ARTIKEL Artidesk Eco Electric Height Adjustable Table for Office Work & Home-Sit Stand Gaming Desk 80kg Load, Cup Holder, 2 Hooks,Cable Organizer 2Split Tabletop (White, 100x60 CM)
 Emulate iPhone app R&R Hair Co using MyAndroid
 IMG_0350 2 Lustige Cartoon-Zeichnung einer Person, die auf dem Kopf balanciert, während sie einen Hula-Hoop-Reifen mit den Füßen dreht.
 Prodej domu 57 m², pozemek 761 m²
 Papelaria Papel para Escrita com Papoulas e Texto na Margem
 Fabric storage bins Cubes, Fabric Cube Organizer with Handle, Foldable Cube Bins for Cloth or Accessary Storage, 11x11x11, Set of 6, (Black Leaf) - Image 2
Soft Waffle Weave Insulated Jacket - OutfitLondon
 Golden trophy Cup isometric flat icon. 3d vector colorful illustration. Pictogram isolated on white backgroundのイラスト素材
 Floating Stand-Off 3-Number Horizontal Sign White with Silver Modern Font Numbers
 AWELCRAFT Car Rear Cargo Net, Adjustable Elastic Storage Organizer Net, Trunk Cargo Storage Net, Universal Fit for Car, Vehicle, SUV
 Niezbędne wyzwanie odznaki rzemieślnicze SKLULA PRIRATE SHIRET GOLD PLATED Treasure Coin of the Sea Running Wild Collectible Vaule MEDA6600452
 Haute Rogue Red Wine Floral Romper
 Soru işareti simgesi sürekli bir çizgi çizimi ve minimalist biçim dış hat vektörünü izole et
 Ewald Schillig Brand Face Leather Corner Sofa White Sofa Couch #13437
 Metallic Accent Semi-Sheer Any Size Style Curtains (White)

________________

WORK TO COMPLETE: Each of the entries above is to be repeated exactly.

RESULT FOR THIS EXERCISE:
ARTIKEL Artidesk Eco Electric Height Adjustable Table for Office Work & Home-Sit Stand Gaming Desk 80kg Load, Cup Holder, 2 Hooks,Cable Organizer 2Split Tabletop (White, 100x60 CM)
 Emulate iPhone app R&R Hair Co using MyAndroid
 IMG_0350 2 Lustige Cartoon-Zeichnung einer Person, die auf dem Kopf balanciert, während sie einen Hula-Hoop-Reifen mit den Füßen dreht.
 Prodej domu 57 m², pozemek 761 m²
 Papelaria Papel para Escrita com Papoulas e Texto na Margem
 Fabric storage bins Cubes, Fabric Cube Organizer with Handle, Foldable Cube Bins for Cloth or Accessary Storage, 11x11x11, Set of 6, (Black Leaf) - Image 2
Soft Waffle Weave Insulated Jacket - OutfitLondon
 Golden trophy Cup isometric flat icon. 3d vector colorful illustration. Pictogram isolated on white backgroundのイラスト素材
 Floating Stand-Off 3-Number Horizontal Sign White with Silver Modern Font Numbers
 AWELCRAFT Car Rear Cargo Net, Adjustable Elastic Storage Organizer Net, Trunk Cargo Storage Net, Universal Fit for Car, Vehicle, SUV
 Niezbędne wyzwanie odznaki rzemieślnicze SKLULA PRIRATE SHIRET GOLD PLATED Treasure Coin of the Sea Running Wild Collectible Vaule MEDA6600452
 Haute Rogue Red Wine Floral Romper
 Soru işareti simgesi sürekli bir çizgi çizimi ve minimalist biçim dış hat vektörünü izole et
 Ewald Schillig Brand Face Leather Corner Sofa White Sofa Couch #13437
 Metallic Accent Semi-Sheer Any Size Style Curtains (White)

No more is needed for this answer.